Normally, if you need some computer tools, you buy some software at a store or download, install it and never worry about paying for it again until the next upgrade.
But Adobe has announced it’s now going to sell some of its most popular and useful software through subscriptions. You’ll be paying as long as you wish to keep using it.
It’ll run you $50 a month for full versions of Photoshop or Acrobat, for example. If you want to use just one app, that’ll be $20 a month. Subscriptions started a year ago but the company still sold software the old-fashioned way: perpetually licensed.
“We know that’s going to be a difficult transition for some customers, but we think it’s going to be the best move in the long haul,” the company’s marketing boss told CNet, insisting that this is what people want.
The shift to subscription pricing has been gradually spreading across the computing industry as the Internet has simplified software distribution. Early pioneers such as Red Hat argued that customers are better off with a steady stream of payments that gets them a steady stream of updates.
Now subscription pricing is spreading to software such as Google Apps, Evernote, and Dropbox that are inextricably linked with online services. The shift is aided by pay-as-you-go infrastructure such as Amazon Web Services that lets companies use and pay for only as much computing power as they need.
Some people just do not like subscription pricing, and they’ll have to make do with CS6, which Adobe will continue to sell, or with rival products.

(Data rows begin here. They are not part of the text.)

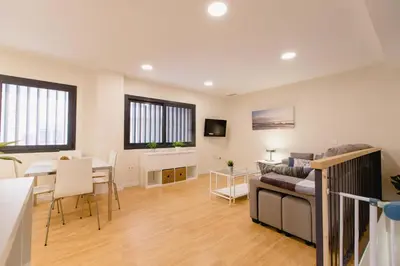 a living room with a couch and a table at Apartamento Duplex La Estrella in Cádiz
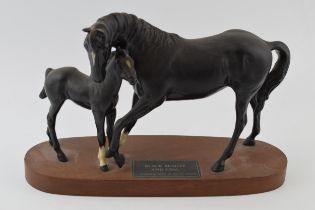 Beswick Black Beauty and Foal on wooden base. In good condition with no obvious damage or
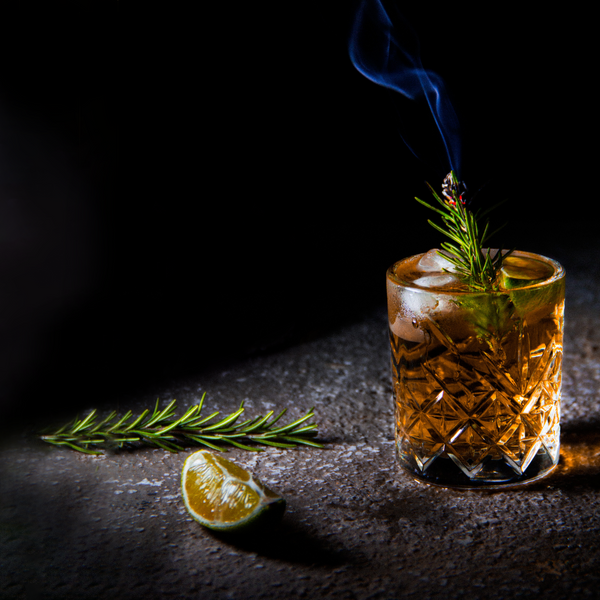 Cocktail glass with a sprig of rosemary smoking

But those who’ve carped about the Creative Cloud are a minority, Morris said.
“Overwhelmingly, when you compare the people who’ve complained about the new model to the people who loved it, it definitely skewed heavily to the new model,” he said. “Obviously we would not be making a decision this big if the percentage of people in that category was so big it was the wrong thing for us to do.”
“It’s another nail in the coffin of the whole business model of software, as it existed in the pre-Internet days,” Harry McCracken of Time’s Technologizer blog says.
McCracken speculates that Microsoft’s Office might be next, and suggests computer users might as well start considering software a service than a product.